Method for preparing ice cream with good storage and transportation stability

Abstract

The present invention discloses a method for preparing ice cream with good storage and transportation stability. The raw materials of the ice cream include small-granule starch. The amount of small-granule starch added is 1% to 6%. By adding small-granule starch to the ice cream, the structure of the ice cream is improved, resulting in ice cream with good storage and transportation stability. It can maintain ideal hardness at high storage and transportation temperatures while retaining good shape, texture, and sensory qualities. This enhances the ice cream product's resistance to temperature fluctuations during cold chain storage and transportation, making it suitable for storage and sales temperatures higher than conventional storage temperatures (18 C.), thus promoting energy saving and carbon reduction in the ice cream storage and transportation process.

Claims

1. An ice cream with good storage and transportation stability, characterized in that: the raw materials of the ice cream include small-granule starch; the small-granule starch comprises natural and/or modified small-granule starch.

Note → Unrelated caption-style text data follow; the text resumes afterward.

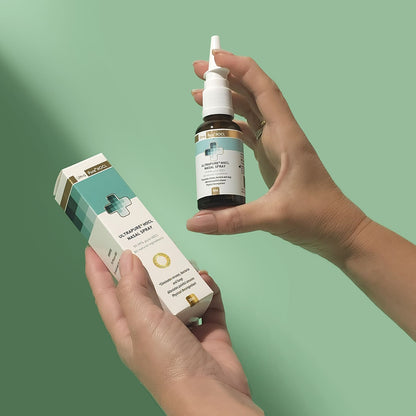 Ultrapure® Nasal Spray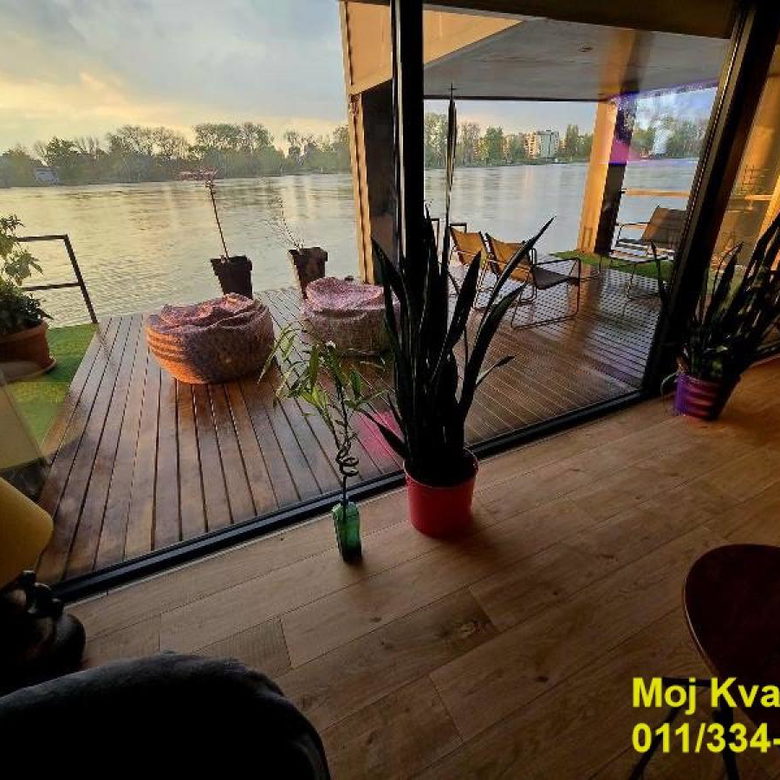 Kuća Prodaja Beograd Ada Ciganlija 240 m2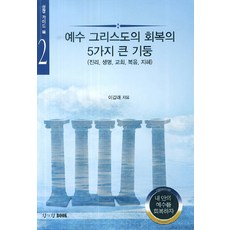 耶穌基督恢復的5大支柱：真理 生命 教會 福音 智慧, 王之王BOOK, 李甲來
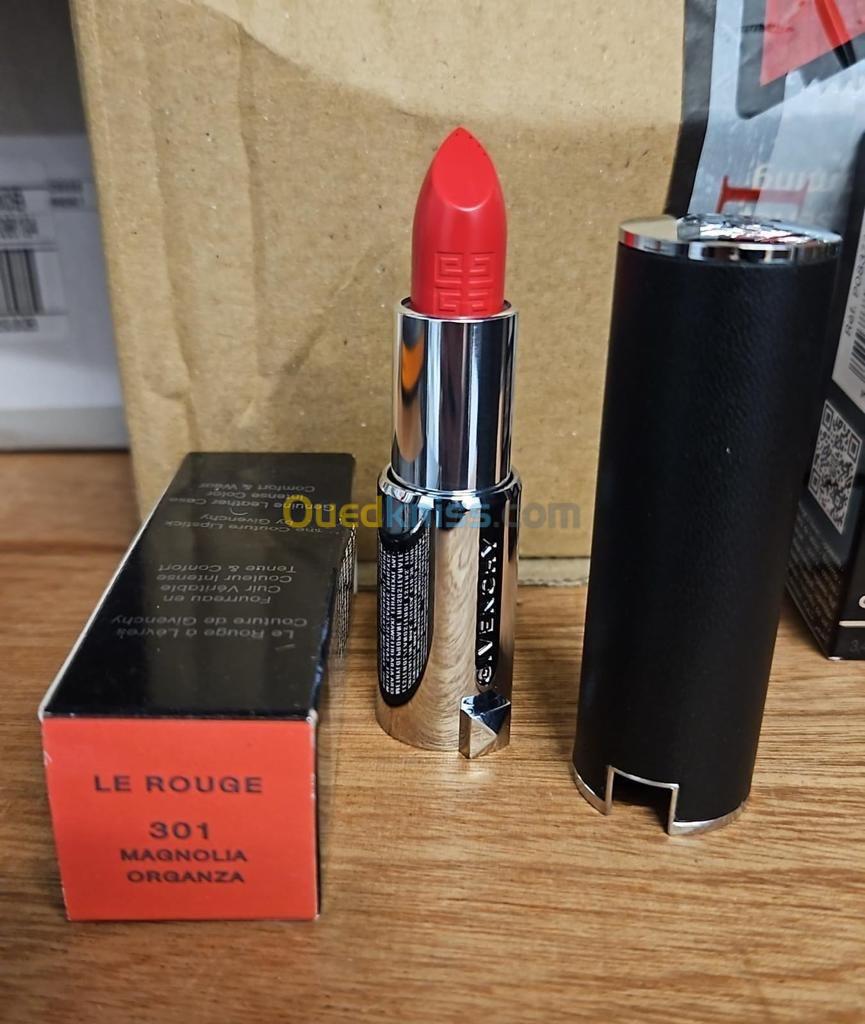 Rouge a levres givenchy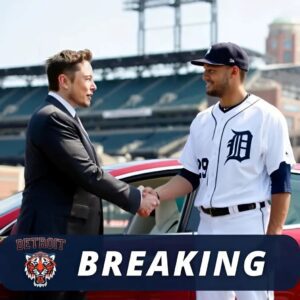 SHOCKING: Billionaire Elon Musk suddenly sent a gift to Tarik Skubal to congratulate him on his great performance in the match against Baltimore Orioles: "I believe Tarik Skubal will...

2. The ice cream according to claim 1, characterized in that: the storage and sales temperature suitable for the ice cream is higher than the conventional storage temperature (18 C.).

3. The ice cream according to claim 1, characterized in that: the ice cream includes soft serve ice cream and hard serve ice cream; the ice cream includes reduced-sugar ice cream and non-reduced-sugar ice cream.

4. The ice cream according to claim 1, characterized in that: based on the total mass of ice cream raw materials, the amount of small-granule starch added is 1% to 6%.

5. A method for preparing any one of the ice creams according to claims 1, comprising the following steps: (1) prepare homogenized ice cream slurry by conventional ice cream preparation method, cool to below 50 C., add natural and/or modified small-granule starch milk, stir to obtain a mixed slurry; (2) after incubating and stirring the mixed slurry at 4 C. for 12-18 hours, freeze it, and optionally perform low-temperature hardening to obtain the ice cream product.

6. The method according to claim 5, characterized in that: in step (1), the mass ratio range of natural and/or modified small-granule starch to water in the natural and/or modified small-granule starch milk is 1:1.5 to 1:3.

7. The method according to claim 5, characterized in that: the operation of step (1) comprises: (1.1) weigh the materials according to the formula, mix the dry powder materials except for the small-granule starch, add water while stirring, then add fat and stir; (1.2) after the materials are evenly mixed, perform high-speed shearing while stirring the materials; (1.3) Sterilize the sheared ice cream slurry; (1.4) cool the sterilized ice cream slurry to 55 C.-65 C., homogenize it to obtain homogenized ice cream slurry.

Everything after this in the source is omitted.